The particular section controlling, N.J.S.A. 14A:14-10, contains several subsections. N.J.S.A. 14A:14-10(1) provides that an obligation incurred by a corporation which is or will thereby be rendered insolvent is fraudulent as to existing creditors without regard to actual intent if the obligation was incurred without a fair consideration. N.J.S.A. 14A:14-10(1); Roxbury State Bank v. Clarendon, supra, 129 N.J.Super. at 369, 324 A.2d 24. On the date the security agreement between the Hartwells and Hartwell Co., Inc. was executed, no rent was owing. The landlord's lien under 2A:42-1 is not a lien that arises at the inception of the lease. See Bodell v. Real Securities Invest. Co., 89 N.J.L. 707, 708, 99 A. 337 (E. & A.1916) (Per curiam ); Franz Realty Co. v. Welsh, 86 N.J.Eq. 228, 230, 98 A. 387 (E. & A.1916). It is not actually a lien at all, but rather a statutory right to preference in payment over other creditors. Franz Realty Co. v. Welsh, supra at 230, 98 A. 387; Farmers & Merchants Nat'l Bank v. Boymann, 155 N.J.Super. 120, 124, 382 A.2d 437 (Cty.Ct.1977); Greenspan & Greenberger Co. v. Goerke Co., 112 N.J.Eq. 391, 396, 164 A. 471 (Ch.1933), aff'd Per curiam 114 N.J.Eq. 19, 168 A. 396 (E. & A.1933). Iantha, therefore, was not an "existing creditor" at the time of the creation of the security interest and N.J.S.A. 14A:14-10(1) is not applicable.

Subsection 4 of N.J.S.A. 14A:14-10 provides that: "Every transfer made and every obligation incurred by a corporation with actual intent * * * to hinder, delay, or defraud either present or future creditors of the corporation, is fraudulent as to both such present and future creditors." There has been no suggestion that Hartwell Co., Inc. had actual intent to defraud Iantha, Inc. or any other subsequent creditor, and N.J.S.A. 14A:14-10(4) is thus not applicable.

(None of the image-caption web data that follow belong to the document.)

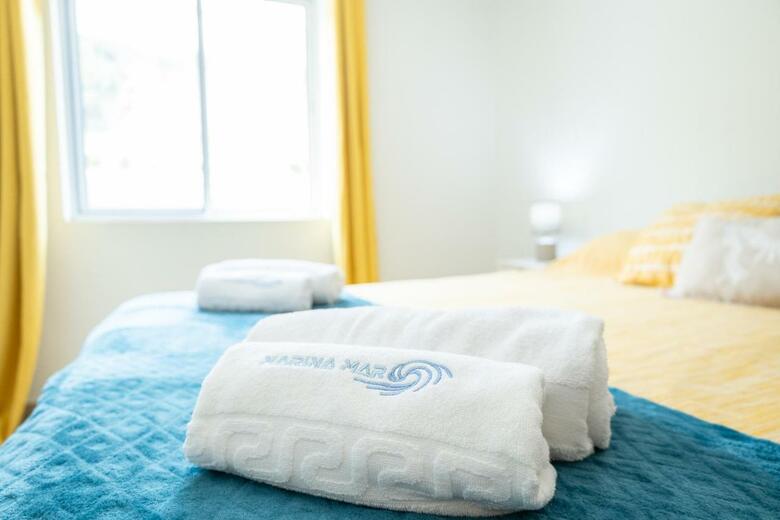 Apartamentos Marina Mar Vila Franca Do Campo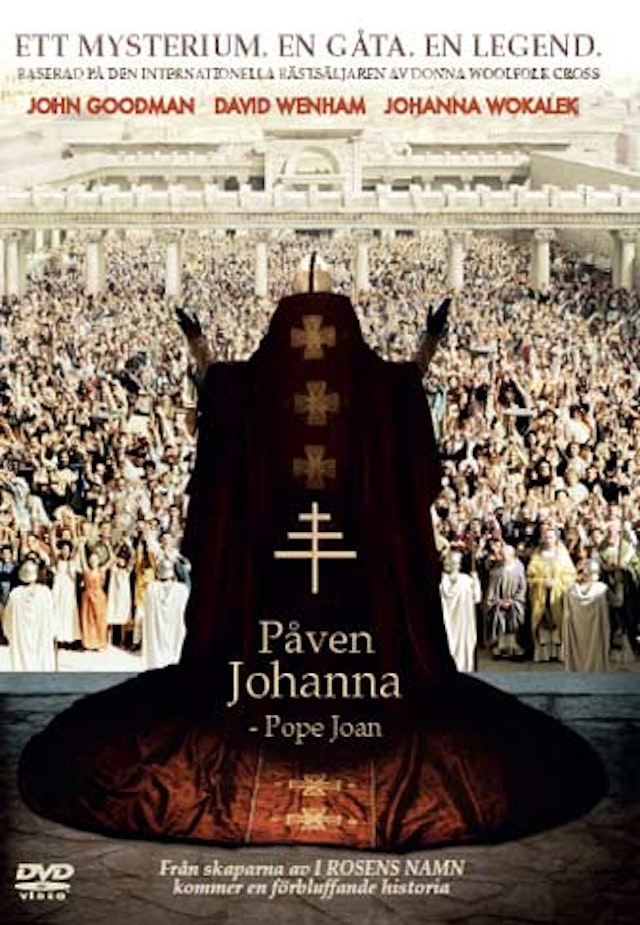 Påven Johanna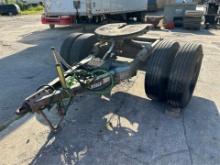 2010 Silver Eagle Trailer Dolly V2ST20W OFFSITE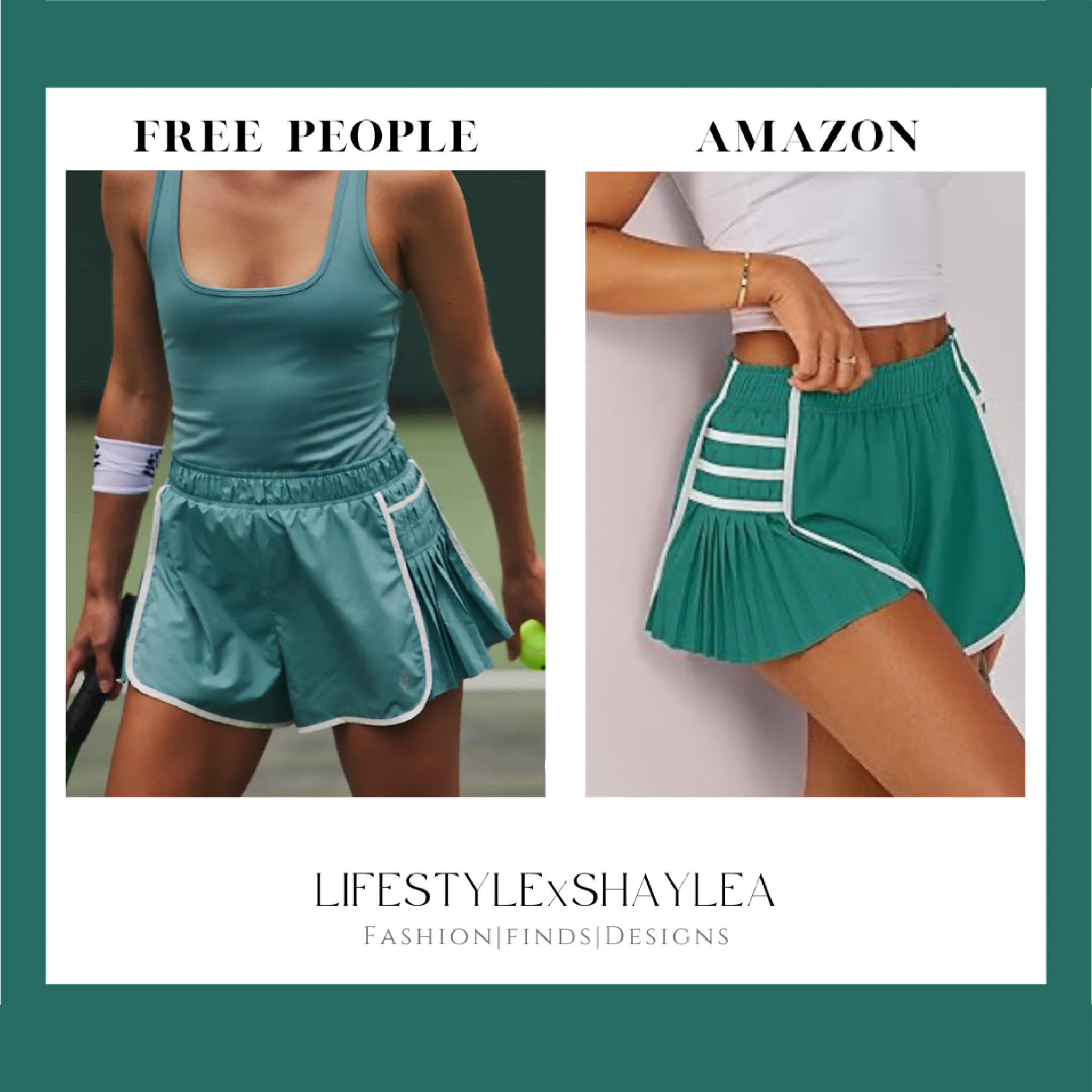 Dying over the Free People movement easy tiger shorts! I found the perfect dupe to these on Amazon and they do not disappoint! 

#freepeople 
#freepeoplemovement
#tennis
#tennisshorts
#skort
#sports
#pickleball 
#womensfashion
#womenssportswear
#athleticwear
#sportswear
#womenssports

#LTKSeasonal #LTKFitness #LTKFindsUnder100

N.J.S.A. 14A:14-10(5) also has no application because no receivership has been commenced.

The two remaining material provisions of N.J.S.A. 14A:14-10 provide:

(2) Every transfer made without fair consideration when the corporation making it is engaged or is about to engage in a business or transaction for which the property remaining in its hands after the transfer is an unreasonably small capital, is fraudulent as to creditors and as to other persons who become creditors during the continuance of such business or transaction without regard to its actual intent.

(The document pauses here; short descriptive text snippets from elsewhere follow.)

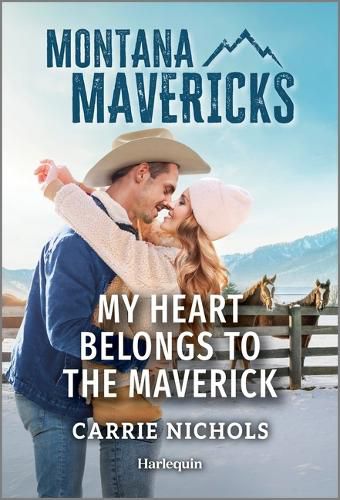 Cover image for My Heart Belongs to the Maverick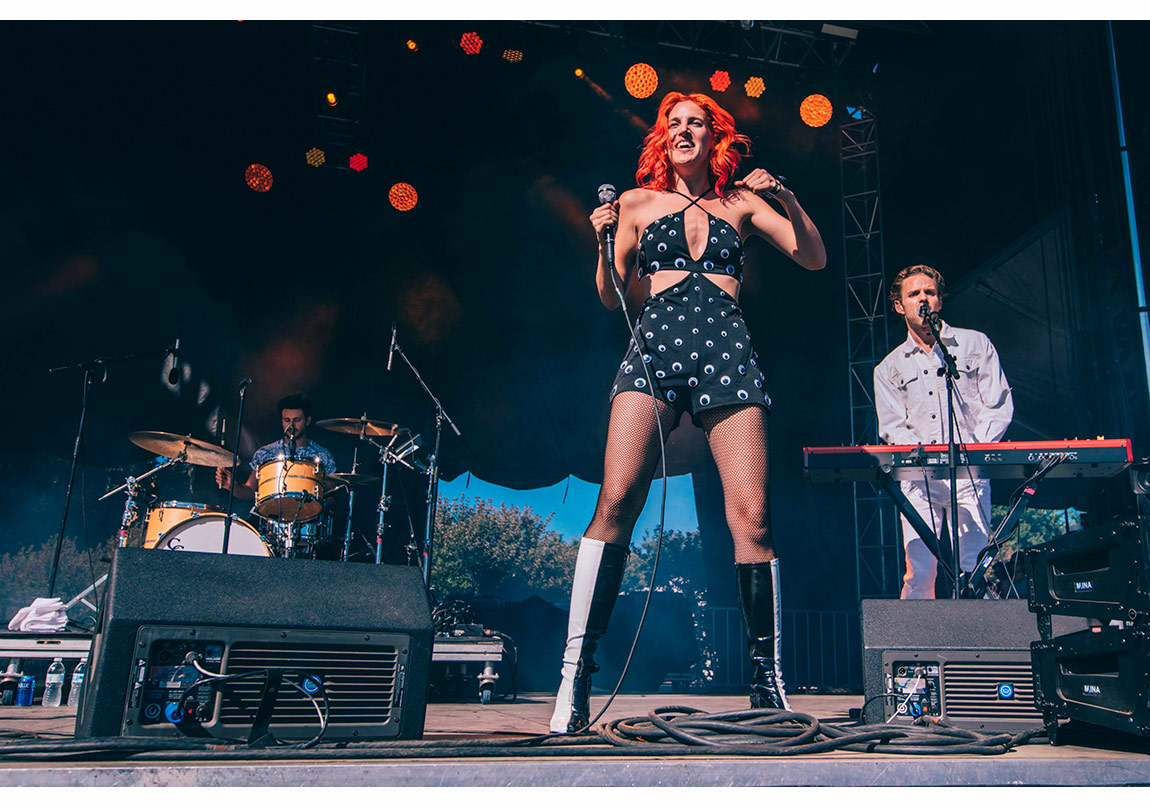 Lollapalooza Festivali Red Bull TV'deydi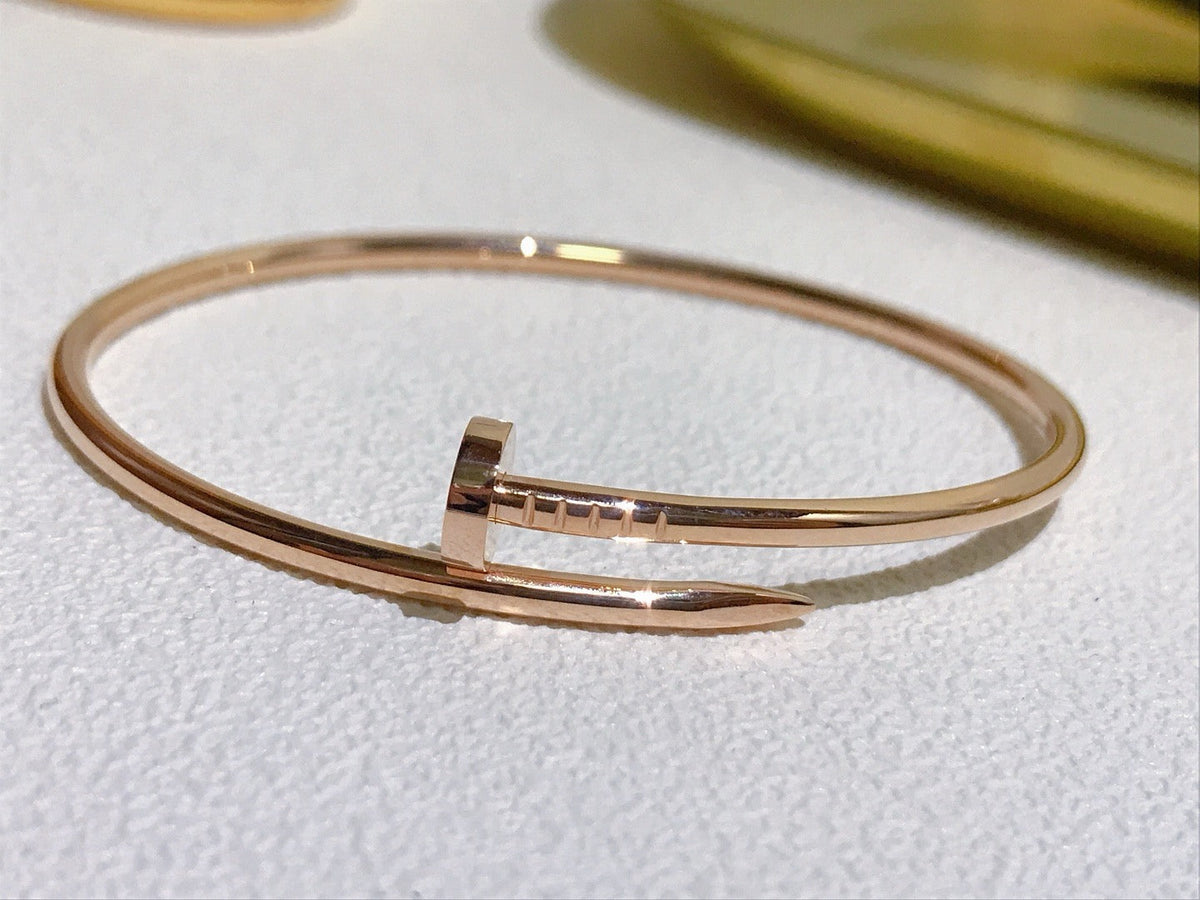 [Garvey ]JUSTE BRACELET 2.5MM
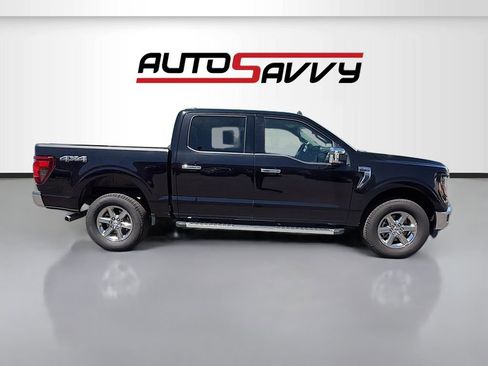 Used 2025 Ford F150 XLT w/ Equipment Group 302A MID AWD/4WD image 8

(3) Every transfer made and every obligation incurred without fair consideration when the corporation making the transfer or entering into the obligation intends to or believes that it will incur debts beyond its ability to pay as they mature, is fraudulent as to both present and future creditors. (N.J.S.A. 14A:14-10(2), 10(3)).

Plaintiff contends that the corporation received fair consideration in exchange for the grant of a security interest in virtually all its assets because plaintiff forgave a $17,622.45 debt that the corporation owed to the Hartwells. Under the Uniform Fraudulent Conveyance Act, N.J.S.A. 25:2-7 to 19, satisfaction of an antecedent debt is fair consideration. N.J.S.A. 25:2-9(a); Schwartz v. Battifarano, 2 N.J. 478, 484, 67 A.2d 148 (1949); Johnson v. Lentini, 66 N.J.Super. 398, 405, 169 A.2d 208 (Ch.Div.1961). Since the provisions of N.J.S.A. 14A:14-10 are very similar to sections of the Uniform Fraudulent Conveyance Act, N.J.S.A. 25:2-10 to 13, the law developed under the Uniform Fraudulent Conveyance Act may be applied to the Corporation Act. See Roxbury State Bank v. Clarendon, supra, 129 N.J.Super. at 369, 324 A.2d 24. The court holds, therefore, that satisfaction of an antecedent debt is fair consideration within the context of N.J.S.A. 14A:14-10.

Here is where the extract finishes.